The Oct. 27 municipal election is more than two months away. Over the next nine or so weeks, you are going to read a great deal in The Chatham Voice about us urging you to be sure to get out and cast your ballot.
As I type this, there are 46 people who have come forward to seek a seat on council or one of our school boards. And there will be more.
We have four people vying for mayor so far, 33 running for 17 council seats, and nine more looking to become school board trustees. I thank them all for their commitment to our municipality, our communities and our children.
Certainly, not all will win come Oct. 27, but they have illustrated how much they care about their communities by putting their names forward to seek public office.
It’s no simple task. If you win, you essentially take on a part-time job – some would say a spot on council is much more than part-time, actually. You answer to basically everyone you see on the street, in the coffee shop, at the grocery store, at a restaurant when you are out to dinner with your family, or at the beach.
It’s a tall task to be a local politician.
And then there is the electorate – you and I, the people who have the power to decide who will represent us in local government for the next four years. In 2010, voter turnout across Ontario was just over 49%, and a disgraceful sub-40% in Chatham-Kent.
Six out of every 10 eligible Chatham-Kent voters didn’t exercise their democratic right.
We at The Voice want to see that number creep higher. Surely we can have the majority – 50% plus one – head to the polls this time around.
Or are so many of you so content with the way things are run around here, or so contemptuous of the people who take the time and effort to run for office, that you either don’t feel the need to vote, or rather just don’t want to do so?
Got better things to do than to take 10 minutes to be a part of democracy?
Many of you spend more time in a drive-thru lineup each morning than you’d spend at a polling station on election day.

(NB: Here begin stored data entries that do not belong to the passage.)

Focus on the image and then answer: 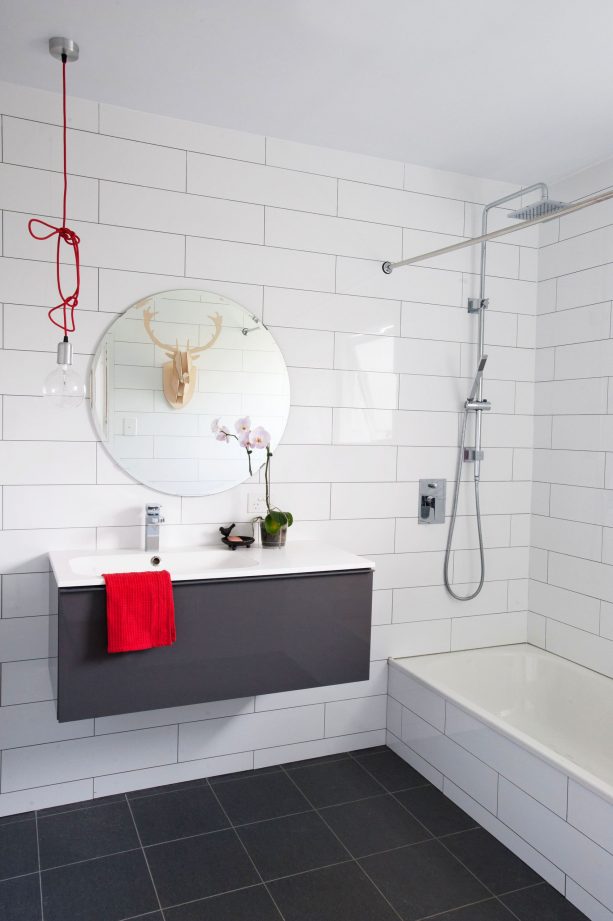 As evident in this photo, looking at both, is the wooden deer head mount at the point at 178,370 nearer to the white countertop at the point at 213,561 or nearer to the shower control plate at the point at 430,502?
the white countertop at the point at 213,561

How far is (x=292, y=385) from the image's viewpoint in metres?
2.89

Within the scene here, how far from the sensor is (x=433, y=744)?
279 cm

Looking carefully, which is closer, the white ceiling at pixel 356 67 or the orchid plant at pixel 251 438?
the white ceiling at pixel 356 67

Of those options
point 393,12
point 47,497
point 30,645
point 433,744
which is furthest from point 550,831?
point 393,12

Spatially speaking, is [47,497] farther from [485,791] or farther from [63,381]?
[485,791]

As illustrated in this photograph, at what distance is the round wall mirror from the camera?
260cm

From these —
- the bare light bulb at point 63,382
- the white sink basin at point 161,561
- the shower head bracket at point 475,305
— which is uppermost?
the shower head bracket at point 475,305

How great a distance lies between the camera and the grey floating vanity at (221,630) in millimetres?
2115

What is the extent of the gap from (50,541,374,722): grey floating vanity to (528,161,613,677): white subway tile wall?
1.12 m

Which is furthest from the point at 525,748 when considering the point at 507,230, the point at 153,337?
the point at 153,337

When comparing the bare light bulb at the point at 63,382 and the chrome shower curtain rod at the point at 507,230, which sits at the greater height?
the chrome shower curtain rod at the point at 507,230

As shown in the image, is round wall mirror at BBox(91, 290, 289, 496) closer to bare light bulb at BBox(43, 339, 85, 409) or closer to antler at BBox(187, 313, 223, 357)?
antler at BBox(187, 313, 223, 357)

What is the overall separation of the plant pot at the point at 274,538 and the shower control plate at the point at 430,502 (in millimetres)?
736

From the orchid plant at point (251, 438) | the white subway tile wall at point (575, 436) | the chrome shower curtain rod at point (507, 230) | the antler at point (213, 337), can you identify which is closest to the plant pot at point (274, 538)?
the orchid plant at point (251, 438) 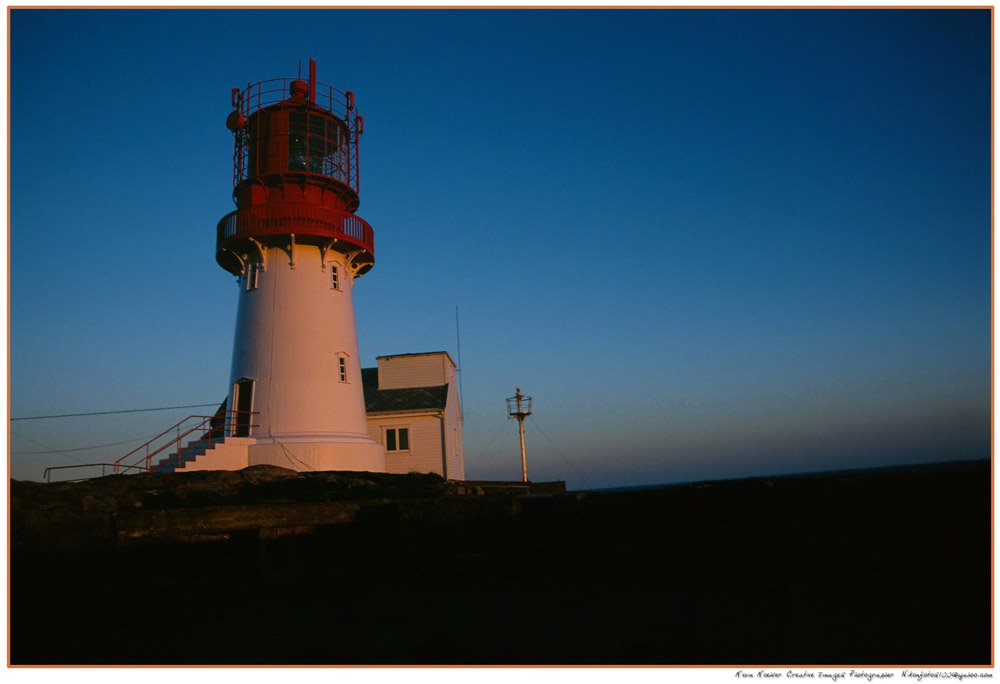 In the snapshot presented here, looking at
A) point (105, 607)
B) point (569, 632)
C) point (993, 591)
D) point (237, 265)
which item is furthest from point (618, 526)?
point (237, 265)

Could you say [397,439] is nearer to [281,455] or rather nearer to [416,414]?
[416,414]

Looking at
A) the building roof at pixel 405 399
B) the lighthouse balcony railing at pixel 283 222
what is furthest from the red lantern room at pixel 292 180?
the building roof at pixel 405 399

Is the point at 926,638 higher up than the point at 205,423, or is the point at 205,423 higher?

Not sure who to vote for? Pay attention to various local news outlets from now until the election. You’ll get a decent snapshot.
Municipal government has the biggest say in our everyday lives, more so than the folks at Queen’s Park or on Parliament Hill. Have your input into the people who make decisions here by taking the time to vote.
My daughter and I went out briefly hunting for deals Saturday morning, moving from yard sale to yard sale. I didn’t expect much, as we got off to a late start (in yard-sale mode, 9:30 a.m. is late), so I wasn’t surprised when the only thing we came home with was a clock radio for her room.
What we did encounter at most every stop were poor parking habits. This plagues yard sales everywhere. People pull up and park, oblivious to which side of the street allows parking and which side prohibits it.
And then there are the seriously selfish yard salers who park in the wrong direction, and on the wrong side of the street. Are you kidding me? Does no one else in the world matter to you?
On more than one occasion, there was barely enough room for people to drive between the cars that clogged both side of the street. One of those streets was also a dead end, so the culprits actually had to drive past where they could park legally, turn around and come back to park underneath the “No Parking” signs.
Yes, I had the barbecue rocking on the weekend, much to the family’s delight.
Friday night was beer butt chicken, and Sunday was red-meat heaven.
We sat that bird down on a porcelain vessel that contained half a dark beer, half a clove of garlic, and various seasonings. The outside was basted with the same concoction, but only after it had been rubbed with seasonings.
Just over an hour of cooking at 375 F, we had moist chicken overflowing with flavour. Served with some grilled peppers, this made for a colourful and delicious meal.
Sunday saw us melt a wheel of Brie cheese, with a healthy amount of garlic rubbed in for good measure, cook up some bacon, a couple of small steaks and some burgers too – all on the Big Green Egg barbecue.
The Brie, with the help of some fresh bread, was awesome, and we saved a bit for the steak.
The bacon was quite good, as we put it in a grilling tin, and much of the fat (well, some of it, anyway) dripped off. It went with the steak and burgers.
What I love about the Big Green Egg is its versatility. I heated the cheese at below 300 F on indirect cooking; heated up the barbecue to about 400 F for the bacon, still on indirect; and then cranked up the heat for the steaks, on direct heat. The steaks went on for all of 90 seconds on each side. Then again, the temperature topped 600 F.
Finally, I coaxed the Egg to chill down to 400 F to cook the burgers.
In the meantime, my wife spread a little of the Brie over the tops of the steaks, and we “garnished” each with a strip of bacon. The taste was incredible, with a bite of all three flavours warranted each time.
Our daughter, who usually prefers hamburgers to steak, said this was the best food she ate all weekend. And she loved the bacon cheeseburgers that followed, so that’s saying something.